Pedersen, who briefed the Security Council this week on the latest developments, highlighted the fact that five foreign armies are active in Syria and “violations of Syrian sovereignty and territorial integrity (have been) going on for years.”

Although the ceasefire agreement reached by Russia and Turkey in the northwest of the country resulted in a de-escalation of hostilities, Pedersen warned that this relative calm remains fragile.

UN Special Envoy for Syria Geir Pedersen. (AP Photo/Kathy Willens, File) 

“All of these issues cannot be sorted out by the Syrians alone,” he said. (They) need an international cooperation (and) a real exchange of views (among all parties).

“If that political will is lacking it would be very, very difficult to move this process forward ... if you leave this to the UN alone, we will not be able to succeed.”

Top on the agenda on Monday will be discussion of the basic principles of the Syrian constitution. Pedersen said he has been meeting with the two co-chairs of the committee on a regular basis, and has also had intensive discussions with the “Middle Third” civil-society group, which includes society activists and experts and other independents from inside and outside of Syria.

His experiences during the past year, he said, lead him to believe there is potential for finding common ground. No single actor or group of actors can impose its will on Syria or settle the conflict alone — they must work together, he added.

The time has now come for the co-chairs of the Constitutional Committee to organize and focus its efforts by establishing “more effective and operational working methods,” Pedersen said, so that they can begin to move forward from preparing constitutional reforms to actually drafting them, and agreeing on clear agendas and discussion topics for future meetings.

“There needs to be more urgency (in) delivering progress in this process,” he added.

As he saluted the work of civil society groups and “all the Syrians who do what they can to improve the situation on the ground and support a political process,” Pedersen singled out women in particular for praise. He has been particularly proactive in seeking input from the Women’s Advisory Board.

“It is a priority for all of us to make sure that we have full participation of Syrian women in the political process,” he said. “(Promoting) their core constitutional rights is central for me, as the facilitator of the work of the Constitutional Committee.”
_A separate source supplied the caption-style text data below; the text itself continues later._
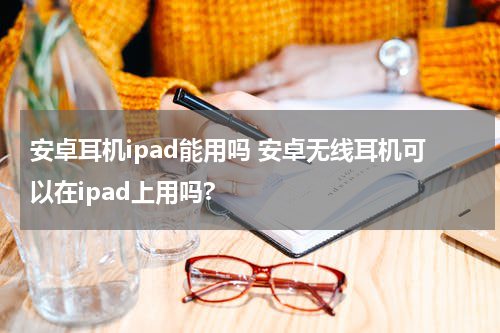 安卓耳机ipad能用吗 安卓无线耳机可以在ipad上用吗?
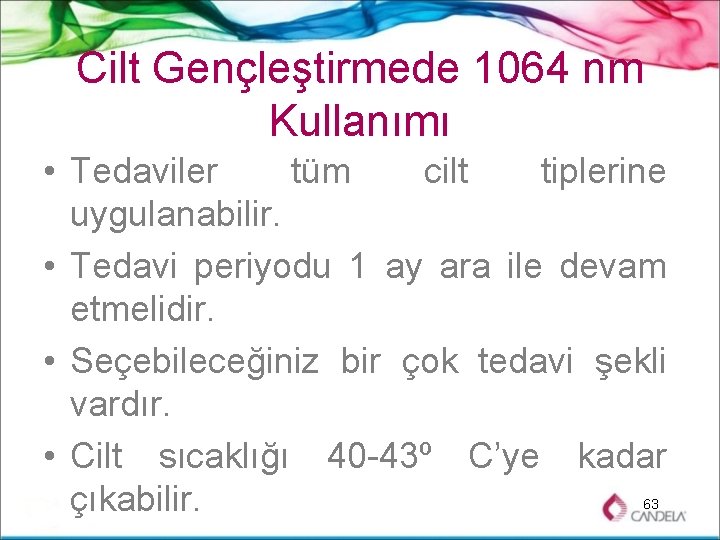 Cilt Gençleştirmede 1064 nm Kullanımı • Tedaviler tüm cilt tiplerine uygulanabilir. • Tedavi periyodu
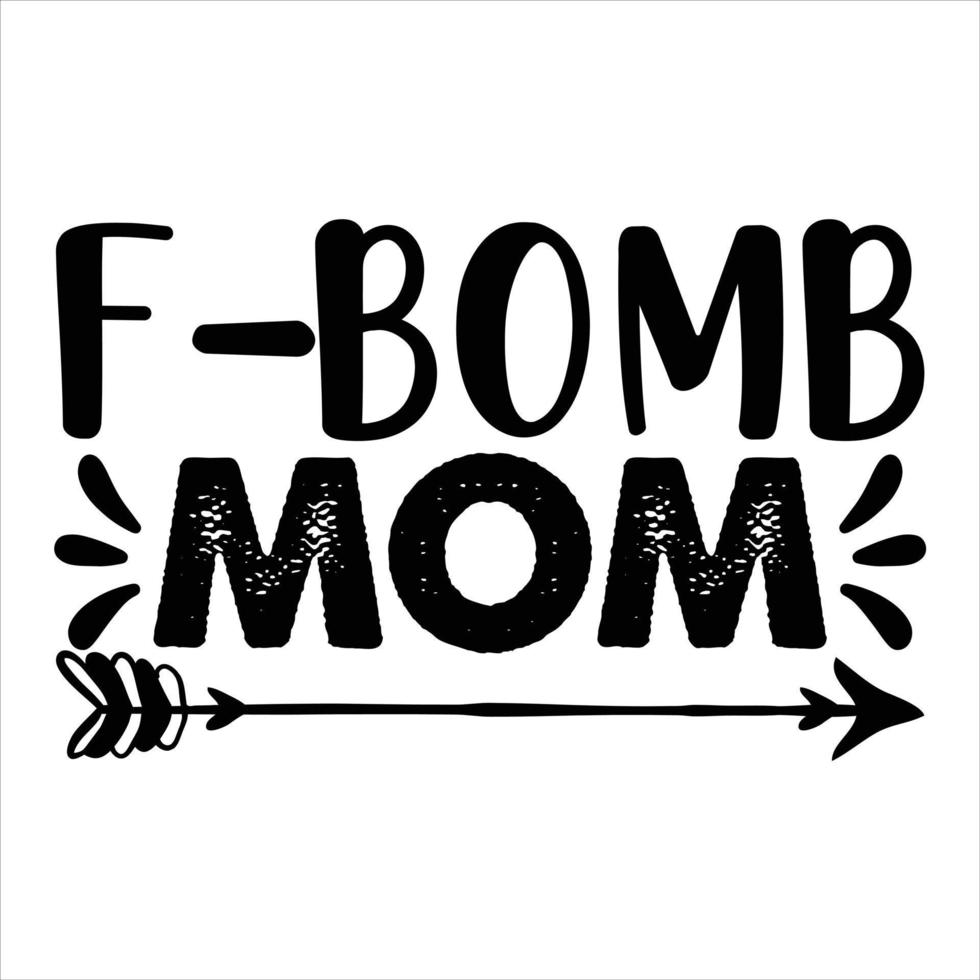 F-Bomb Mom, vector file.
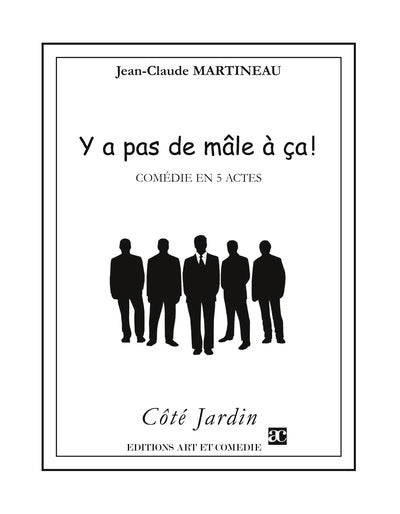 Y a pas de mâle à ça !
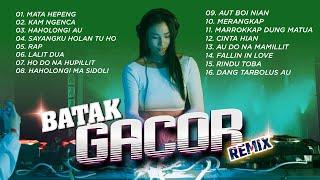 REMIX BATAK GACOR - DJ REMIX BATAK || MATA HEPENG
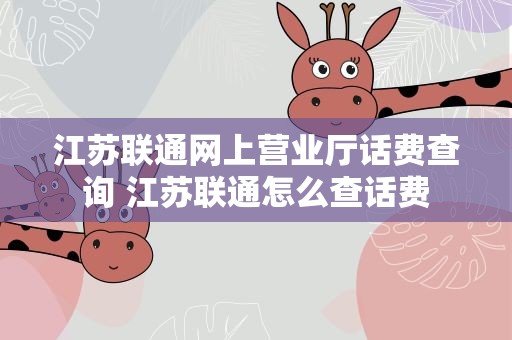 江苏联通网上营业厅话费查询 江苏联通怎么查话费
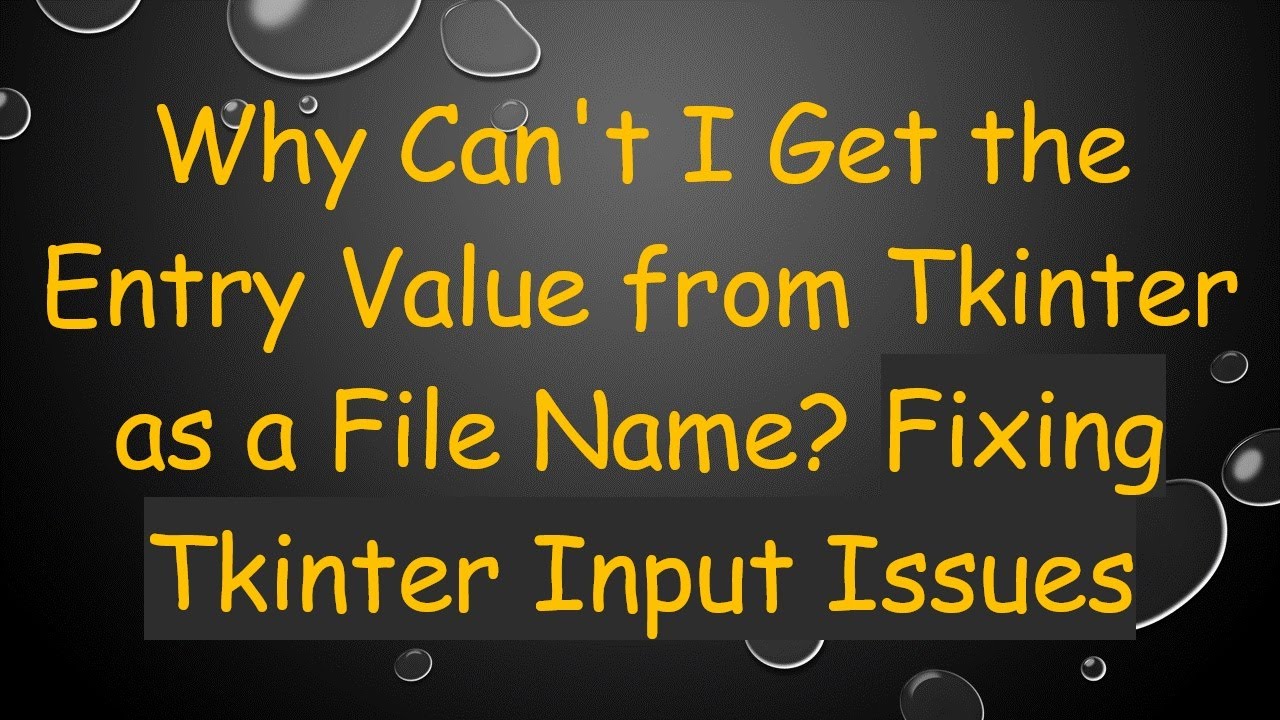 why-can-t-i-get-the-entry-value-from-tkinter-as-a-file-name-fixing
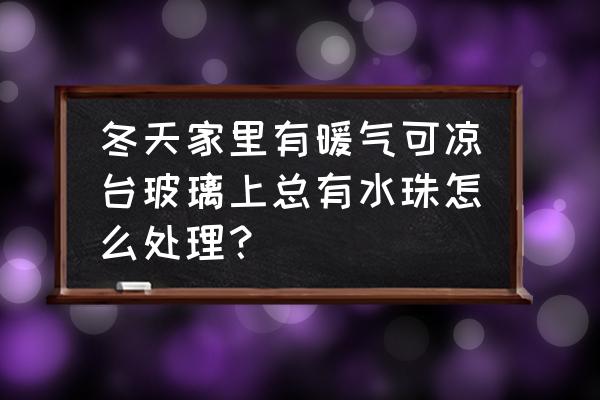 冬天车玻璃上的小水珠怎么处理 冬天家里有暖气可凉台玻璃上总有水珠怎么处理? 冬天车玻璃上的小水珠怎么处理 冬天家里有暖气可凉台玻璃上总有水珠怎么处理?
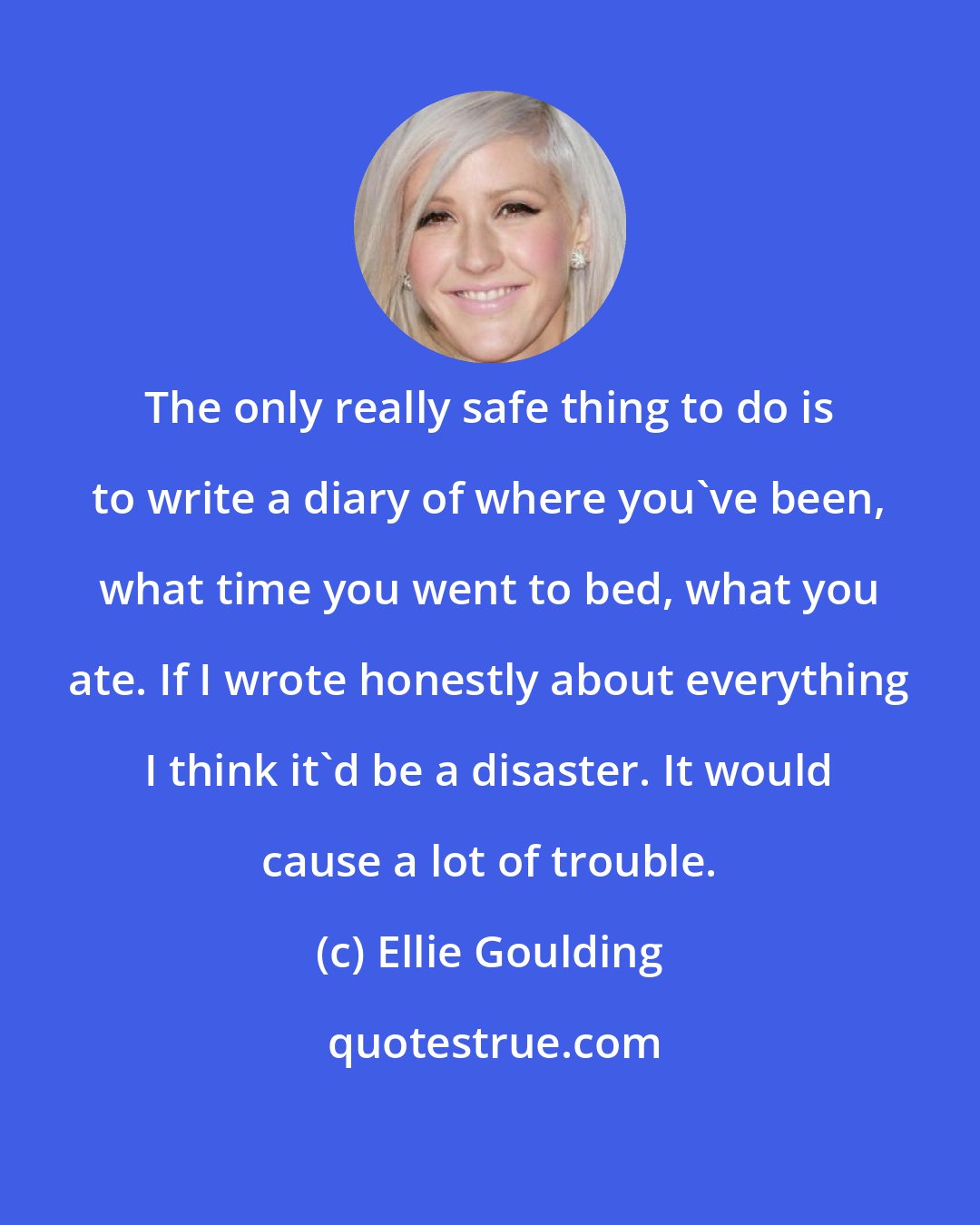 Ellie Goulding: The only really safe thing to do is to write a diary of where you've been, what time you went to bed, what you ate. If I wrote honestly about everything I think it'd be a disaster. It would cause a lot of trouble.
Asked about plans for large-scale prisoner swaps, Pedersen said that although this is not on the agenda for the talks in Geneva this week, it is always part of his own agenda. The disappointment over the lack of progress on the issue so far means “that we should work even harder” on it, he added.

“This is a file that really has an impact on nearly every Syrian family, and it needs to be addressed,” he said. “(I) have appealed (for) more information on the missing. (We) need to see the early release of women, children, the elderly and the sick, and I think (nothing) should stop that from happening.”

The members of the Small Body of the Syrian Constitutional Committee are due to arrive in Geneva on Saturday, and Pedersen will consult with the co-chairs over the weekend before the main talks begin on Monday.

Asked whether he expects this latest round of negotiations to be a success for the UN, Pedersen said: “I really do not think this is the question; the question (is) whether it is a success for the Syrian people and (their) aspirations.

“My hope has been that the Constitutional Committee, if it is handled in the correct manner, could start to build trust and (be) a door-opener for a broader political process.

“But the (committee) cannot work in isolation ... we need political will from the different parties to be able to move forward.”

He added: “The (committee) is just one aspect, and it is not the one aspect that will solve the Syrian crisis. If we are to see changes in the situation on the ground, there are other factors that need to be discussed.”